| Universität Rostock

Veranstalter: Landeszentrale für politische Bildung

6. Jahreskongress zur politischen Bildung in Mecklenburg-Vorpommern: „Politikverdrossenheit!? – Herausforderung und Konsequenzen für die politischen Bildung“.

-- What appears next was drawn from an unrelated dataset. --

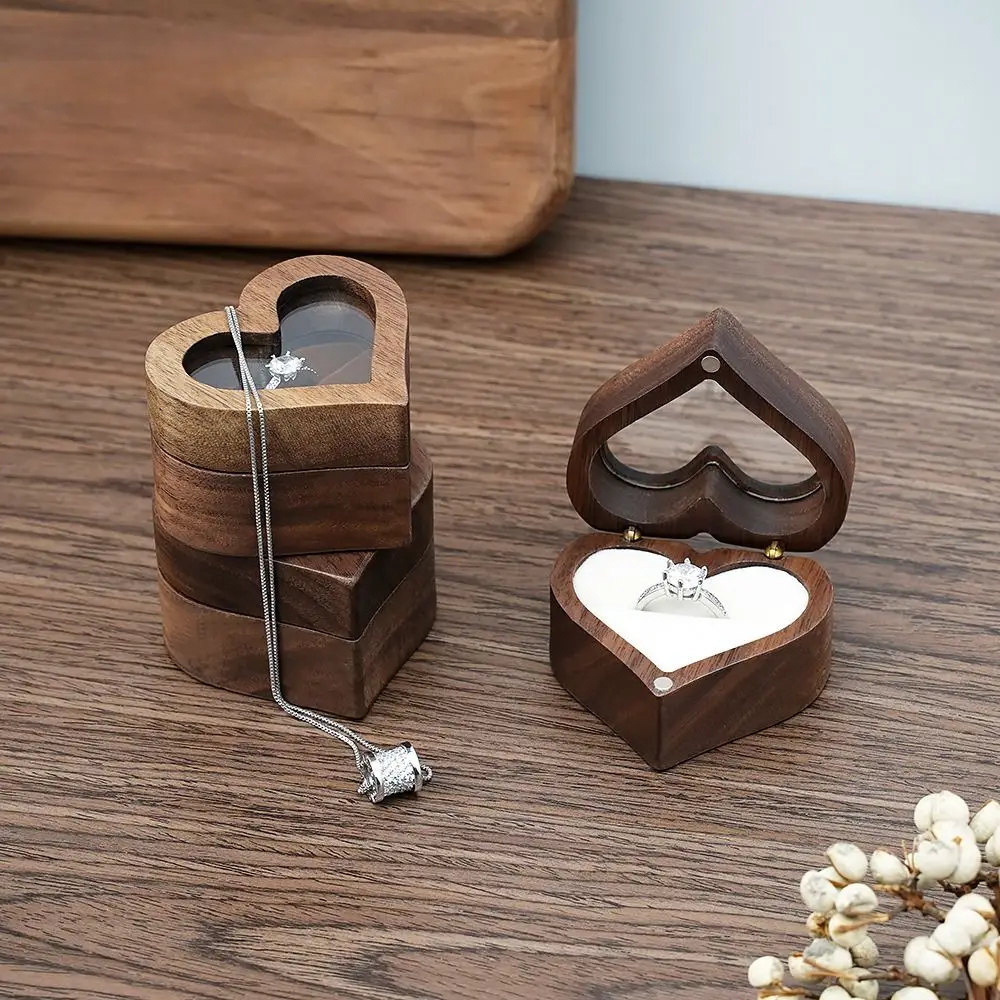 1PC 2025 Heart Shape Walnut Wooden Box Jewelry Box Display Box Engagement Wedding Couples Ring Storage Holder Gifts Case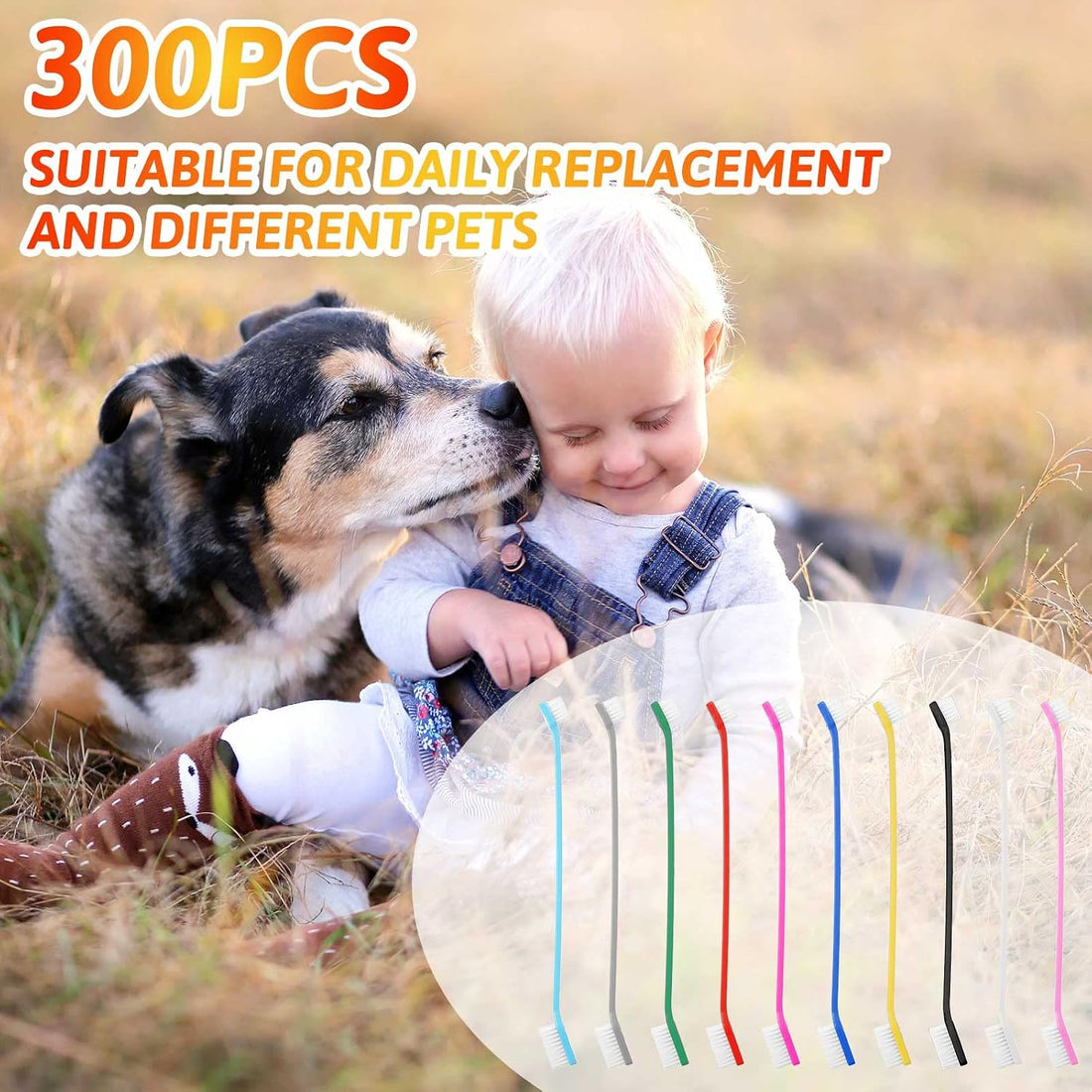 Eaasty 300 Pcs Dog Toothbrush Bulk Dual Headed Dental Brushes Puppy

Der 6. Jahreskongress zur politischen Bildung in Mecklenburg-Vorpommern fand am 01. Oktober 2013 in der Universität Rostock statt. Die Konferenz, zu der 200 Teilnehmer kamen, stand unter dem Motto: „Politikverdrossenheit!? – Herausforderung und Konsequenzen für die politischen Bildung“.

Nach der Eröffnung durch den Direktor der Landeszentrale, Jochen Schmidt, sowie der Begrüßung durch den Rektor der Universität Rostock, Prof. Dr. Wolfgang Schareck, zeichnete Prof. Dr. Ulrich Eith von der Albert-Ludwigs-Universität Freiburg ein differenziertes Bild des Phänomens der „Politikverdrossenheit“. Insgesamt bestünde eine hohe Demokratiezufriedenheit in Deutschland, so dass von einer allgemeinen Politikverdrossenheit nicht gesprochen werden kann. Vielmehr ließe sich ein Auseinanderdriften in dieser Frage zwischen Arm und Reich beobachten. „Wir beobachten ein zunehmendes Abkoppeln unterer sozialer Gruppen und Schichten“, so Prof. Eith. Hier zeichneten sich viele Menschen durch Ohnmachtsgefühle, Unkenntnis über den politischen Prozess und auch Überforderung aus.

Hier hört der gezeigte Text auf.